In Alberta, there is no limit to the rent amount landlords are permitted to charge. Rents can only be increased once a year for an existing tenant. A notice of rent increase must be provided three months in advance for periodic leases (a rolled-over fixed-term lease), and there is no notice requirements for fixed-term leases.

===British Columbia===

According to Mike Hagar for The Globe and Mail, in BC rents can only be increased once a year for existing tenants. A rent increase cannot exceed 2.9 per cent in 2016. Written notice of a rent increase must be provided three months in advance.

===Nova Scotia===
The Residential Tenancies Act and Regulations are the laws governing the rental of residential property and leading the relationship between the landlord and their tenants in the province of Nova Scotia.

===Ontario===

Rent regulation was first introduced in Ontario under the National Housing Act, 1944.

The Residential Tenancies Act, 2006 is the current law in Ontario that governs landlord and tenant relations in residential rental accommodations. The Act received royal assent on June 22, 2006 and was proclaimed into law on January 31, 2007. The Act repealed and replaced the Tenant Protection Act, 1997, and created the Landlord and Tenant Board as a replacement for the Ontario Rental Housing Tribunal.

Rent control in Ontario formerly only applied to units that were first built or occupied before November 1, 1991. If the rental unit was in an apartment building constructed (or converted from a non-residential use) after November 1, 1991, then the rent control provisions of the Residential Tenancies Act, 2006, did not apply. On April 20, 2017, Premier of Ontario Kathleen Wynne, along with Chris Ballard, Minister of Housing, announced the Fair Housing Plan. The plan includes a provision to roll-back the post-1991 rent control exemption such that all private rental units, including ones built or first occupied on or after November 1, 1991 will be subject to rent control. This change will be effective April 20, 2017 regardless of when the legislation is passed.
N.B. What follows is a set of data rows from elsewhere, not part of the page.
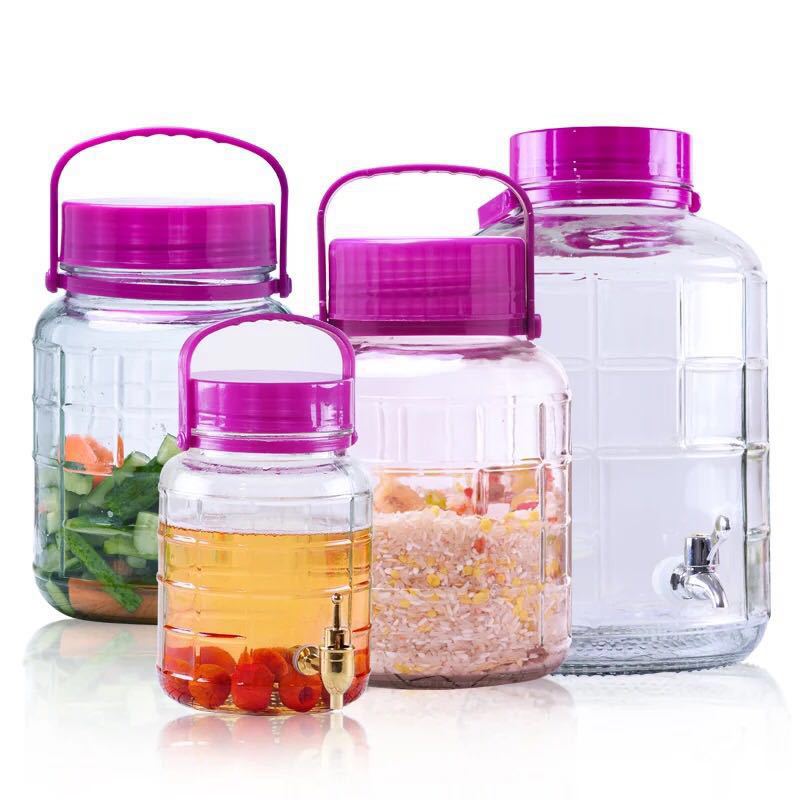 包邮泡酒坛方格圆形泡酒罐泡菜坛储物罐厨房用品玻璃瓶密封带龙头|ru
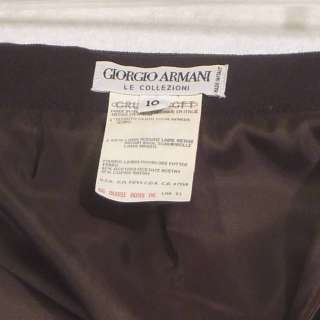 GIORGIO ARMANI Italy Dk Brown Wool Skirt Suit Womens 10  
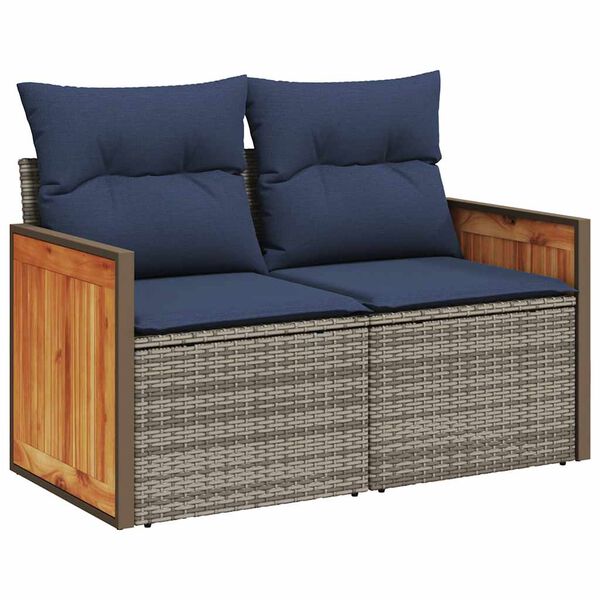 vidaXL Set Divano da Giardino 9pz con Cuscini Grigio Polyrattan Acacia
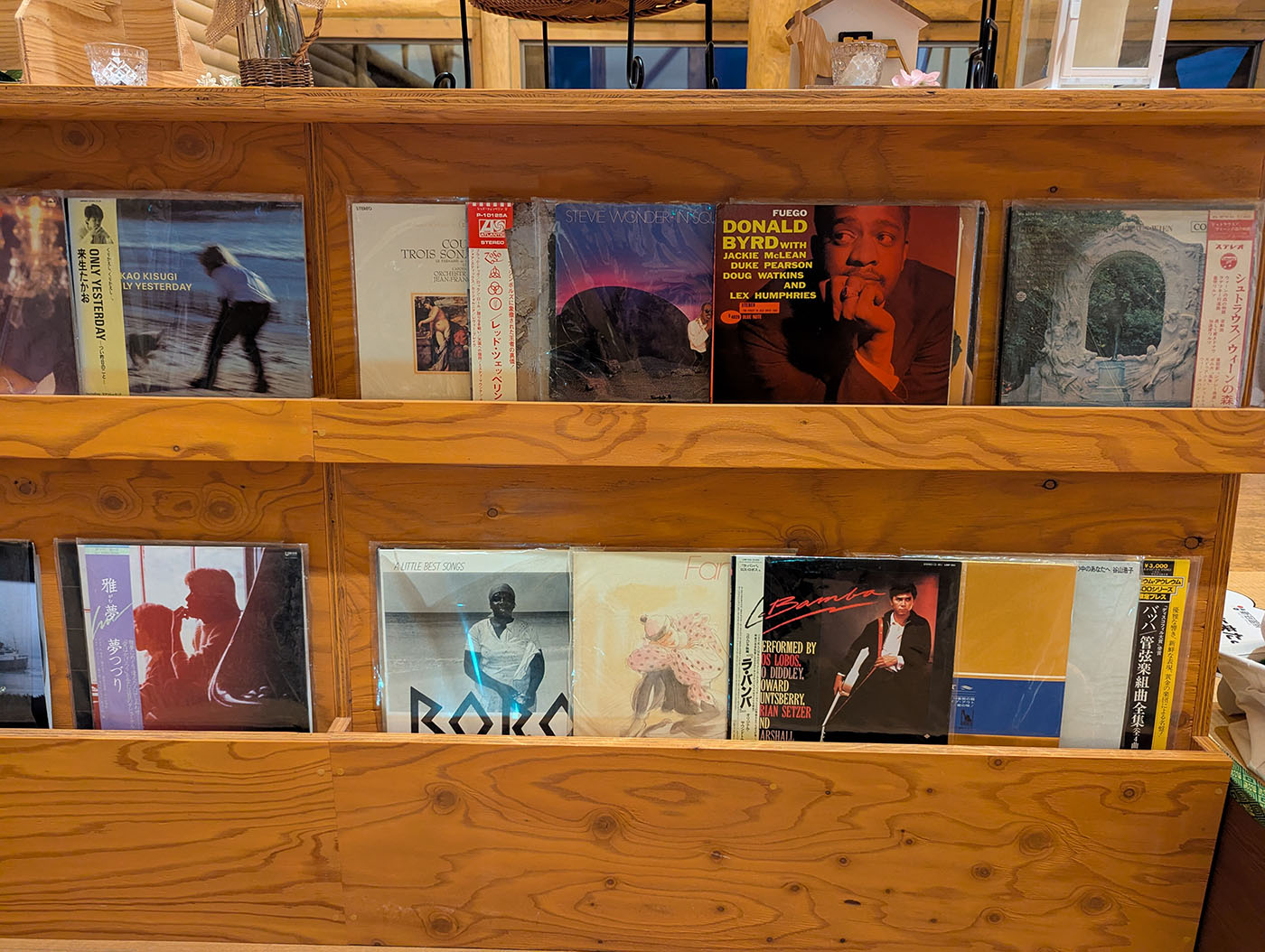 新冠温泉の棚に並べられたレコードジャケット。ジャズや洋楽、日本のアルバムが混ざっている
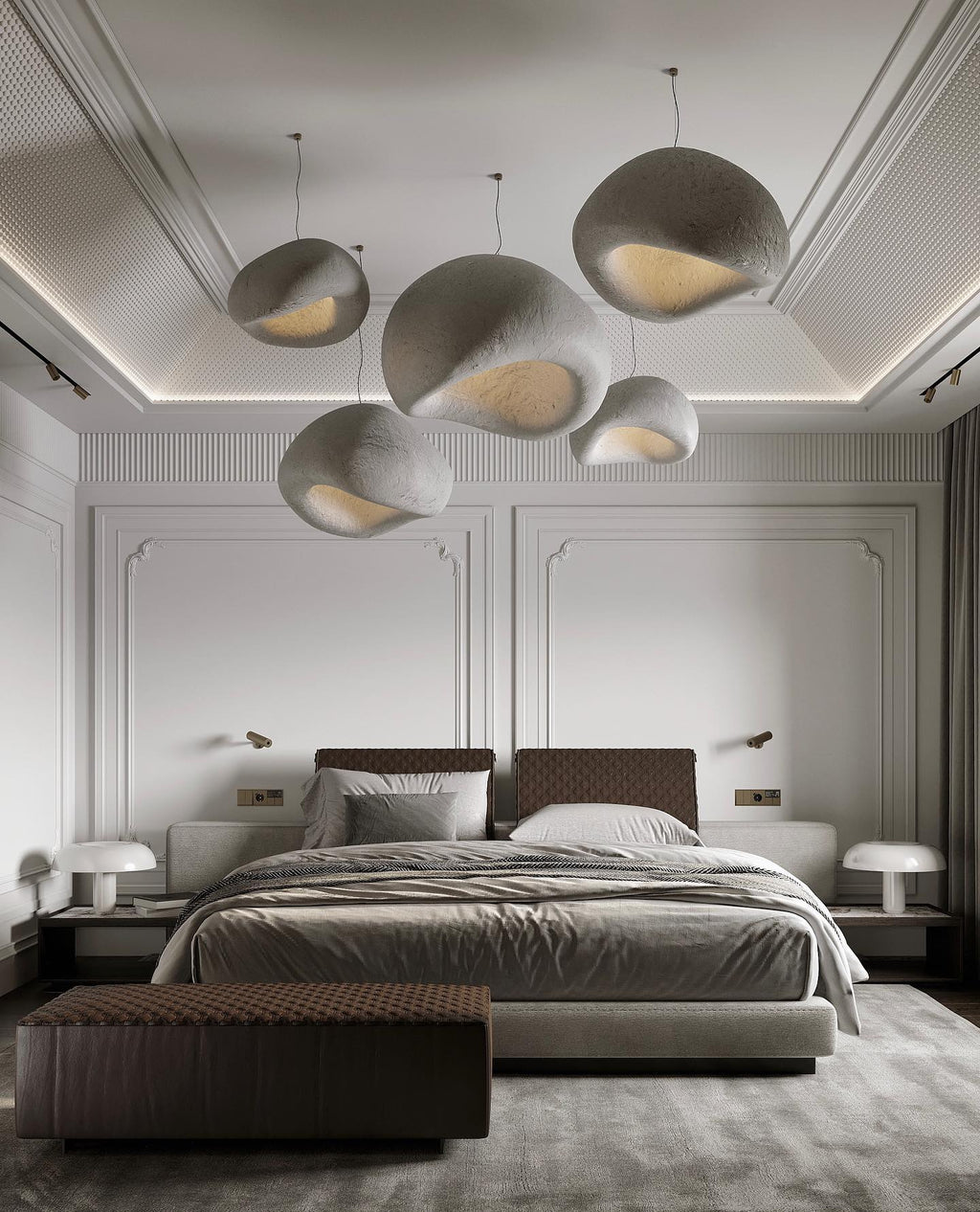 Wabi-sabi organic combination chandelier with warm directional light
Additionally, a concern of negative impact of rent control is that increasing rent prices for continuing tenants are generally smaller than new tenants. Thus, setting this policy might discourage residential mobility, actually a process that change lives and neighbourhoods, since rent price increases for continuing tenants are generally smaller than for new residents.

===Saskatchewan===
The Residential Tenancies Act and Regulations are the laws governing the rental of residential property and leading the relationship between the landlord and their tenants in the province of Saskatchewan.

In Saskatchewan, there is no limit to the rent amount landlords are permitted to charge. Notice of rent increase must be provided two months or one year in advance, length of notice depending on if it is a fixed term lease.

===Yukon===
In the Yukon, there is no limit to the rent landlords can set at the beginning of a lease. However, they can only increase rent once within 12 months by 2%, more only if the inflation rate of the previous calendar year was higher, but not more than 5% in any case. Furthermore, no-cause evictions have been banned.

These rules are not codified in any law passed by the Yukon legislature, but by two Commissioner's Orders-In-Council (Yukon OIC 2023/32 and 2023/33). Exemptions exist where the Government is the landlord and the rent is tied to the tenant's income.

Fixed term leases are permitted by the Act, but if the landlord allows the tenant to stay longer without entering into a new fixed term lease, the lease turns into a month-to-month lease that only the tenant can cancel without cause.